Snow fences, such as rows of trees, shrubs, or standing corn, can catch drifting snow and keep it off roadways. Because of their proven benefits, the Minnesota Department of Transportation (MnDOT) offers payments to landowners who add snow fences along highways. However, few landowners know about this program.
In a recent project, U of M researchers set out to better understand how landowners learn about the snow fence program and its financial compensation, why landowners who know about the program may not participate, and how MnDOT could better encourage snow fence adoption.
The new recommendations will be used to guide MnDOT’s promotional and recruitment efforts to expand the use of snow fences around the state. Options include working with local conservation districts to help set up and establish fences, encouraging the use of trees or shrubs as living snow fences for their carbon- and snow-capturing abilities, and stacking hay bales as snow fences, which can then be used for agricultural purposes when winter ends.
A 2012 study found that if just 40 percent of the 3,700 sites along state and federal roadways that are suitable for snow fences adopted them, the state would save at least $1.3 million. “To tap into those benefits, we wanted to find out why snow fence adoption by landowners has not been as robust as MnDOT would like,” says Dean Current, co-director for the U’s Center for Integrated Natural Resources and Agricultural Management.
Building on earlier work, researchers began by dividing the state into four areas based on land use and snow experience. Next, they met with MnDOT staff in each region to determine internal knowledge of the program and identify the most troublesome transportation corridors for blowing snow. The team then held community meetings with stakeholders in each region to discuss snow management problems and snow fence program knowledge. Finally, the team members surveyed landowners along the problem corridors about their experience with blowing snow control and knowledge of and attitudes toward snow fences and their adoption.

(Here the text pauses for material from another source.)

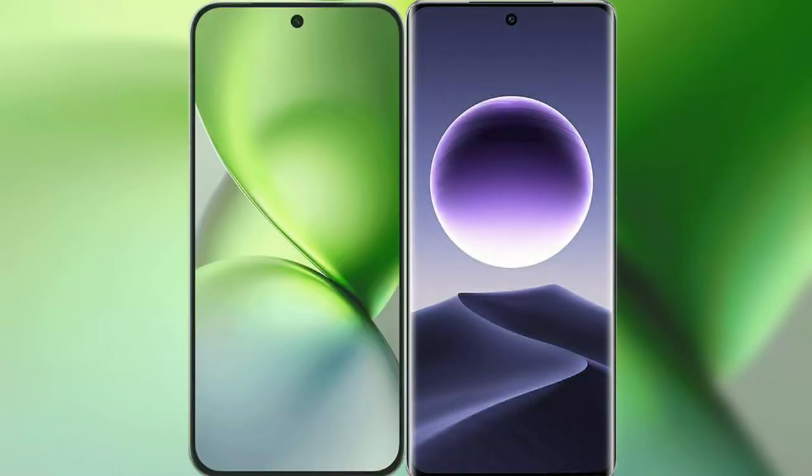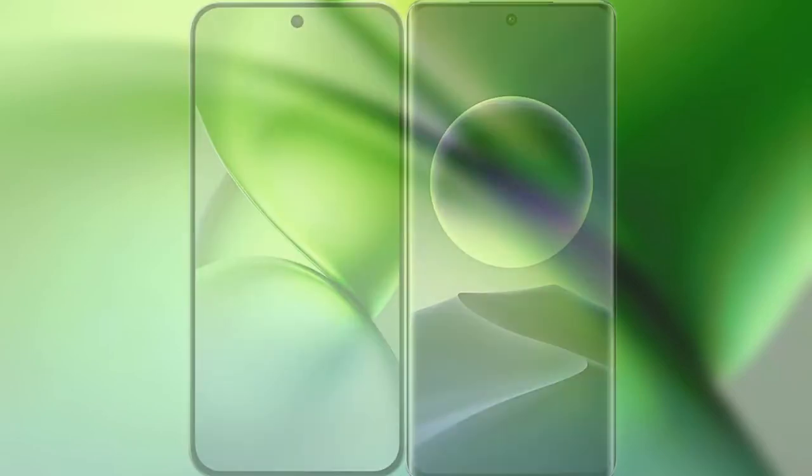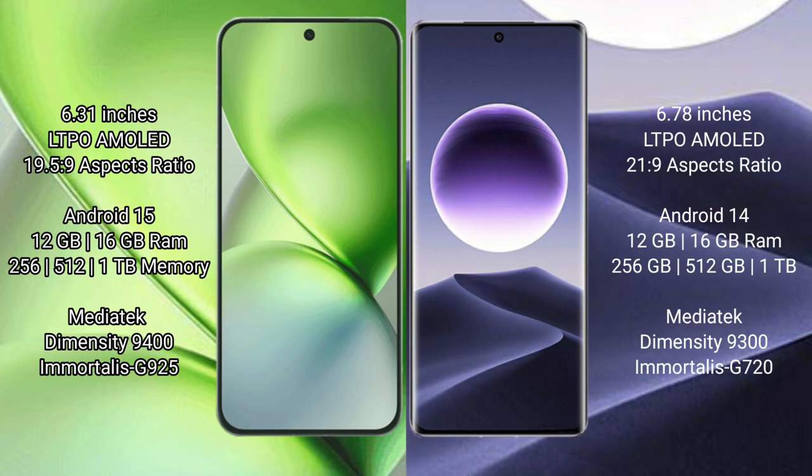I will compare the new Vivo X200 Pro Mini with Oppo Find X7. Vivo X200 Pro Mini features a 6.31-inch LTPO AMOLED display with a 19.5:9 aspect ratio. Oppo Find X7 features a 6.78-inch LTPO AMOLED display with a 21:9 aspect ratio.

Following the survey, the team promoted the snow fence program through posters and on Facebook and held outreach meetings with landowners from the trouble spots. Investigators then surveyed landowners again about snow management problems and the snow fence program. Finally, researchers analyzed both surveys and prepared their recommendations.
“We really got a more integrated and quantified understanding of how landowners understand the program,” Current says. “The success of the project will really depend on how this understanding is applied.”
Researchers found that few landowners are aware of the snow fence program and its safety and mobility benefits for their communities. As a result, researchers recommended promoting the program year-round and including city councils, community groups, and program advocates who manage farms in promotion efforts. Researchers also learned that the primary constraints for landowners were the potential for fences to affect cultivation practices and equipment needs, loss of productive land, the desire for help establishing fences, and moisture management.
“This project is providing valuable insight for our blowing snow control program with MnDOT’s Project Management Shared Services and the five designers that are part of the team,” says Dan Gullickson, MnDOT Operation’s blowing snow control shared services supervisor.